ATHENS, Ga. — When Georgia hired Sam Pittman, it did so by giving him what’s believed to be unprecedented in college football: a three-year-deal for an offensive line coach, and also for what’s believed to be among the highest salaries for a position coach, $525,000 a year.
Pittman’s going to have to earn that money over the next few years.
Georgia’s offensive line has enough issues that it couldn’t get a push on Nicholls State, an FCS team. But it’s not a young unit: Three of the starters are seniors, who will be gone next year, so it’s not like the current starting five will grow and develop together.
So, yes, Pittman will earn his money.
“We’re not a big offensive line,” head coach Kirby Smart said. “We’re not an offensive line that’s a huge, overpowering offensive line. We don’t have massive guys. With that, you don’t get as much push.”
Smart came from Alabama, where last year’s national championship-winning offensive line averaged 311 pounds per man. The five men starting for Georgia this year average 302. That may be why Solomon Kindley, who’s around 340 pounds, was receiving some first-team snaps at right guard this week.
But the biggest statement about Georgia’s line may be that the starting left tackle, Tyler Catalina, was playing for FCS member Rhode Island last year — where he was second-team all-conference.
So, how did Georgia get to this place?
Start with recruits the Bulldogs have missed out on. Three in-state O-linemen are now starting and excelling at other major programs:
- Shamire Devine (6-7, 370) at Georgia Tech. He’s from Tri Cities High School in Atlanta.
- Orlando Brown Jr. (6-8, 340) at Oklahoma. He’s from Suwanee’s Peachtree Ridge.
- Mitch Hyatt (6-5, 295) at Clemson. Hyatt, from North Gwinnett High School, was pursued heavily by Georgia, but his uncle went to Clemson, and it was hard to pull him from there.
In the past two years, Southern California has grabbed two in-state targets out of Georgia: This year, it was E.J. Price, a top 100 recruit, and last year. it was Chma Edoga from Powder Springs, who was the nation’s No. 26 overall recruit.
The most infamous Georgia miss was Laremy Tunsil, one of the nation’s top offensive line recruits in 2013, and appeared headed to Georgia until he visited Ole Miss. (Now that’s the center of an NCAA investigation.) But Tunsil left for the NFL after last season, so he wouldn’t necessarily be part of Georgia’s line this year.
It didn’t help Georgia to have three different offensive line coaches in as many years.
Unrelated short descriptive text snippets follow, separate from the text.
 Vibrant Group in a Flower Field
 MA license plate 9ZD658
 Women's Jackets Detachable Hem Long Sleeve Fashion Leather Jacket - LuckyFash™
But Will Friend (who was on the job from 2011-14 before becoming Colorado State’s offensive coordinator) and Rob Sale (who had the job last year) did reel in some good recruits. They’re just working out to varying degrees:
- 2016: Kindley was only a 3-star player, but is closer to seeing the field than Ben Cleveland, who was the nation’s 92nd overall recruit, per 247Sports. Three-star recruit Chris Barnes was the only other offensive line signee.
- 2015: Pat Allen was the only four-star offensive line recruit. Sam Madden, Sage Hardin, Mirko Jurkovic were 3-star players. Jurkovic took a medical disqualification this year, and the other three have yet to play.
- 2014: Isaiah Wynn was a 4-star recruit and has been a starter the past two years. Lamont Gaillard, who’s been starting at right guard, was a 4-star talent, but as a defensive lineman. Dyshon Sims was a 4-star player and is the line’s sixth man. Kendall Baker was a 4-star recruit and is a second-team tackle. Jake Edwards was a 3-star player who transferred.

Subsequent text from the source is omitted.